COVID-19 forced Mozilla into a restructuring that will eliminate 250 jobs, including the shutdown of operations in Taiwan, said CEO Mitchell Baker in a memo to employees Tuesday. Mozilla’s pre-pandemic plan for 2020 was “a year of change” by speeding the infusion of more “product value” in Firefox and “adjusting our finances to ensure financial stability over the long term,” she said. The pandemic “accelerated the need and magnified the depth for these changes,” said Baker. “Our pre-COVID plan is no longer workable. We have talked about the need for change -- including the likelihood of layoffs -- since the spring. Today these changes become real.” Mozilla’s “new focus” will be on product, technology, community and economics, blogged Baker: “Recognizing that the old model where everything was free has consequences, means we must explore a range of different business opportunities and alternate value exchanges.”

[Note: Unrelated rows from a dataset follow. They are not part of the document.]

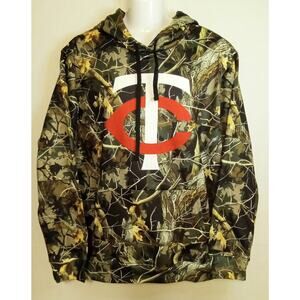 Minnesota Twins MLB Foco Big Logo Camo Hoodie 2XL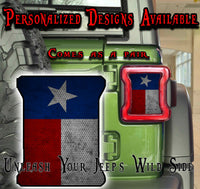 Texas flag Taillight cover decal 33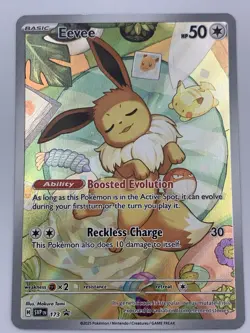 Pokemon Prismatic Evolution Eevee 173 Black Star Promos Illustration Rare NM - Image 2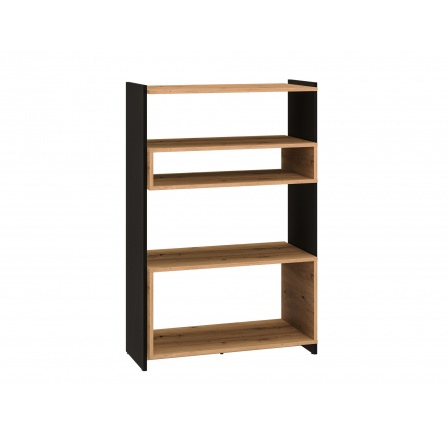 Regál TRIS 03, dub artisan/černá - knihovna Regál TRIS 03, dub artisan/černá - knihovna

Retail landlord Simon Property Group took a $315 million hit to its Q2 operating profit from COVID-19 through “rent abatements” and a “higher provision for credit losses,” said CEO David Simon on a quarterly call Monday. The company runs about 200 malls and other retail properties in 37 states. “Given the lack of local, state and federal government support for our industry, we went out of our way to abate rent for thousands of local small businesses, entrepreneurs and restaurateurs and other retailers for the period they were closed,” said Simon. The company estimates 91% of its properties were “open and operating” through Aug. 9, he said. Reopened stores reported their June sales exceeded 80% of their 2019 volume, he said. Movie theaters, gyms and restaurants are the bulk of “remaining tenants” that are still closed due to “restrictive governmental orders limiting or prohibiting their operations,” he said. The Great Recession of 2008 “pales in comparison to what we're dealing with” in the pandemic, said Simon. The number of bankruptcies “in our sector” is “tremendous,” he said.
Starting this week, visitors to the U.S. Court of Appeals for the D.C. Circuit must have their temperature taken using a contactless temperature kiosk at the 3rd Street NW entrance, the federal court said Tuesday. It said anyone with a fever of 100.1 or higher won't be allowed entry.

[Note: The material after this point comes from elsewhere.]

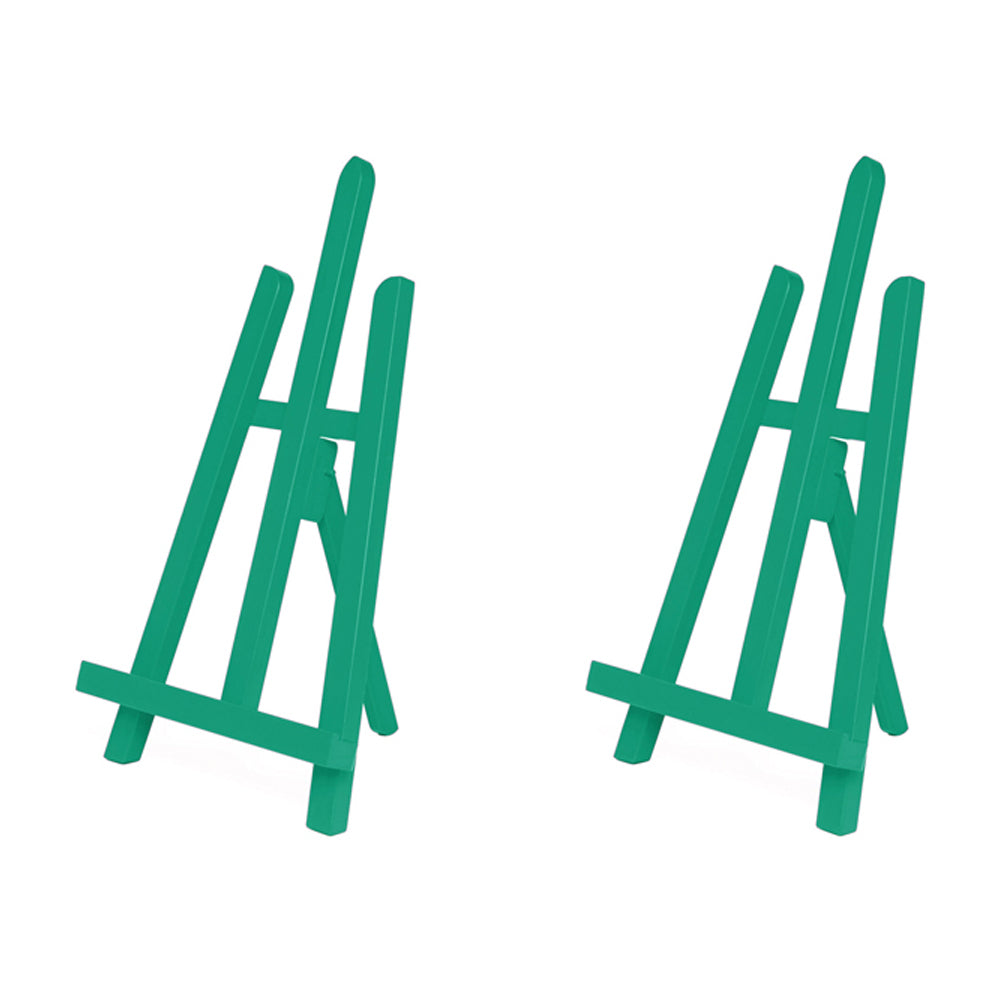 Jasart Tabletop Painting Colour Easel 29x40cm - Green (2 Pack)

Though COVID-19 is obliterating virtually all physical trade shows on the calendar, the International Association of Exhibitions and Events (IAEE) is forging ahead with its Certified in Exhibition Management credentials program and plans to convene the instructional CEM Week as a virtual event Aug. 24-28. “Earning your CEM designation sets you apart from others by showing that you have the academic and practical knowledge to efficiently and successfully produce exhibitions,” emailed IAEE Monday. “Now more than ever, it is crucial for you to stand out in the field of exhibitions management. Employers are looking for professionals that will get them quickly back on track when face-to-face events are back in full force.” COVID-19 forced the cancellation of physical CEM conferences in Baltimore and Austin, so IAEE is combining them in a single virtual event. By taking 10 classes over five days with five exams, participants will meet five of the nine criteria required to earn a “globally recognized” CEM credential, it said. IAEE said it created the CEM designation 45 years ago “to raise professional standards in the event industry and it continues to be the premier mark of professional achievement.”